What you need to do =
From the line containing "Sneakers Boss J29298 S Stone 269 -Sneakers" to the last line of the records, reproduce every line exactly and print nothing else.

Saved data entries

________________

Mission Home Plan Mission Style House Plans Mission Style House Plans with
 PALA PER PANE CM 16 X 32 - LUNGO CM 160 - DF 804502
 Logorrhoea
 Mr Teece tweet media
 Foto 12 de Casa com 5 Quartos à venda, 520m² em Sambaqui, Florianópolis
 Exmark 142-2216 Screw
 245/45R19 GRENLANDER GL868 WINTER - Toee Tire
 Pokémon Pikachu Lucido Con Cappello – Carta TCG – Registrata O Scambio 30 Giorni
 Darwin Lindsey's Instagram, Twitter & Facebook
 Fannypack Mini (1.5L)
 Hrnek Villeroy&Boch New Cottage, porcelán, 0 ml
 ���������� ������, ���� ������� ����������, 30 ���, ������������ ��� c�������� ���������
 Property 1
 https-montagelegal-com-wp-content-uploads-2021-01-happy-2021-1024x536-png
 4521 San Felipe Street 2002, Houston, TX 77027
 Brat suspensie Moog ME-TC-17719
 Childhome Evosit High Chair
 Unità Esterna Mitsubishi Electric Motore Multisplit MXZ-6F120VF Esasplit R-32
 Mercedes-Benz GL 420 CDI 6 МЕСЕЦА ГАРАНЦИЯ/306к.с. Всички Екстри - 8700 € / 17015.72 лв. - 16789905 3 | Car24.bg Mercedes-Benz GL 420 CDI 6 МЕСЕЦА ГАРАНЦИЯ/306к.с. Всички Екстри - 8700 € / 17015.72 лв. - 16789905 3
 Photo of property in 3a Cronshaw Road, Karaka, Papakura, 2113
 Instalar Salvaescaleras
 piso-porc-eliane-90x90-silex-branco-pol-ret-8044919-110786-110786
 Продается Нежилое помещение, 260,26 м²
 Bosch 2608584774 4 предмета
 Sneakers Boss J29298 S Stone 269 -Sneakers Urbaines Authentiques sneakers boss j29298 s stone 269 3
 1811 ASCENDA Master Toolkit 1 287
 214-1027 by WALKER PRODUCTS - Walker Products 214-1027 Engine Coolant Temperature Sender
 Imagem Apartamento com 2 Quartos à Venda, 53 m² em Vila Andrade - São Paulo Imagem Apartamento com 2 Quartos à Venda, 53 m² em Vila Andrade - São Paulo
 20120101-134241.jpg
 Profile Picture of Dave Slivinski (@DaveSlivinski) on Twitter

________________

Task output =
 Sneakers Boss J29298 S Stone 269 -Sneakers Urbaines Authentiques sneakers boss j29298 s stone 269 3
 1811 ASCENDA Master Toolkit 1 287
 214-1027 by WALKER PRODUCTS - Walker Products 214-1027 Engine Coolant Temperature Sender
 Imagem Apartamento com 2 Quartos à Venda, 53 m² em Vila Andrade - São Paulo Imagem Apartamento com 2 Quartos à Venda, 53 m² em Vila Andrade - São Paulo
 20120101-134241.jpg
 Profile Picture of Dave Slivinski (@DaveSlivinski) on Twitter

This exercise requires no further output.